The protective immunity to Mycobacterium tuberculosis is mediated by T-helper-1 (Th1) CD4+ cells which activate macrophages and up-regulate the immune response. During the course of the disease, the T-helper-2 (Th2) CD4+ cells might down regulate the immune system through secretion of specific cytokines. This study included 33 patients with active pulmonary tuberculosis, 21 patients with inactive disease and 20 healthy individuals as controls. T cell proliferation assay with PPD antigen showed higher stimulation index (SI) in the inactive compared to active tuberculous patients (9.53 ± 2.75 vs. 4.61 ± 1.67 respectively, P value < 0.001), reflecting the good status of the immune system towards mycobacterial antigen. The gamma interferon (IFN-g ) level (pg/ml) was significantly higher ( P values < 0.001) in the inactive than active tuberculous patients and controls (210.24 ± 58.57, 79.20 ± 21.79 and 32.89 ± 33.58 respectively). Similar results were shown for IL-2 where its level (pg/ml) in the inactive patients was significantly higher than active tuberculous patients (234.92 ± 51.47 vs. 99.26 ± 19.20 respectively).
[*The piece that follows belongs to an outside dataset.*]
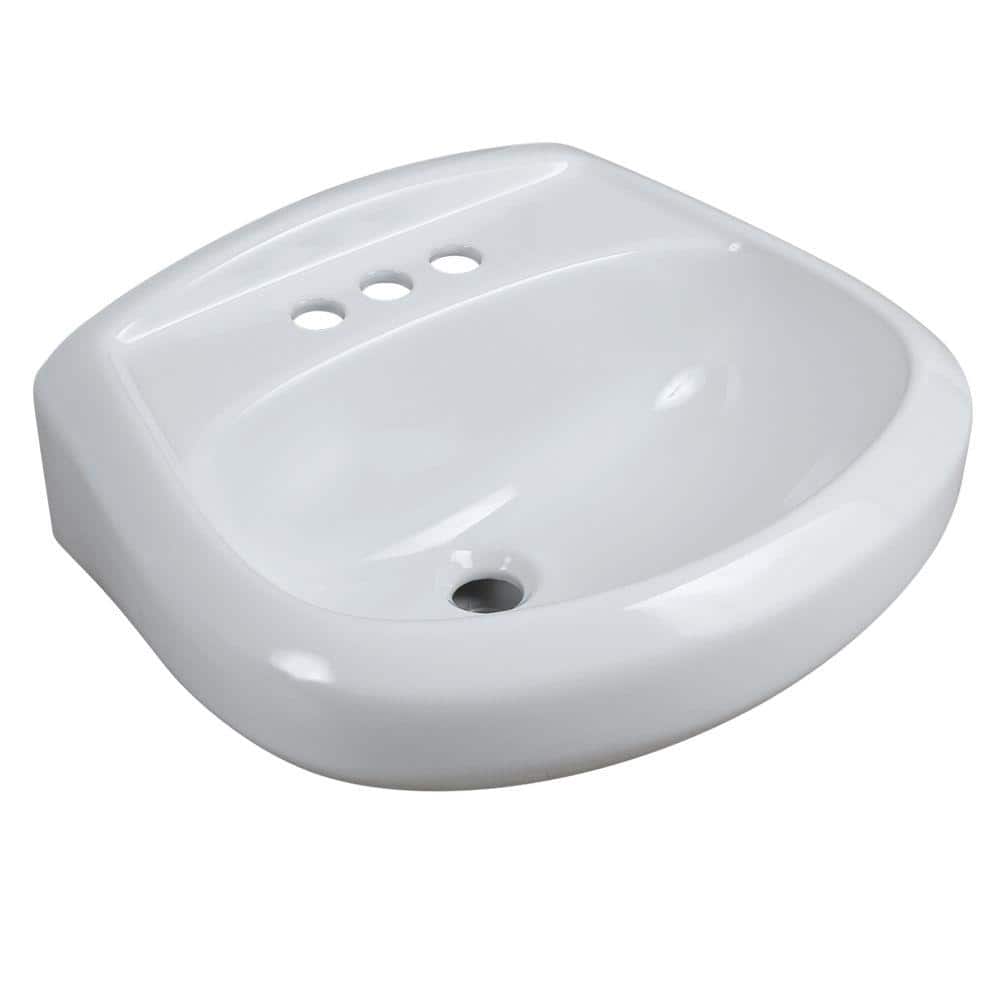 Petite Aragon 8-3/8 in. Pedestal Sink Basin in White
On other hand, IL-10 was significantly higher in the active than inactive patients (435.23 ± 78.22 vs. 235.98 ± 50.74 pg/ml respectively) indicating a dominant Th2 type response during the course of TB infection. Tumor necrosis factor alpha (TNF-a ) was significantly higher in active than inactive tuberculous patients (402.46 ± 57.44 vs. 188.64 ± 59.82 pg/ml respectively). The tuberculostatic effects of IFN-g and TNF-a in the active stage of the disease are discussed.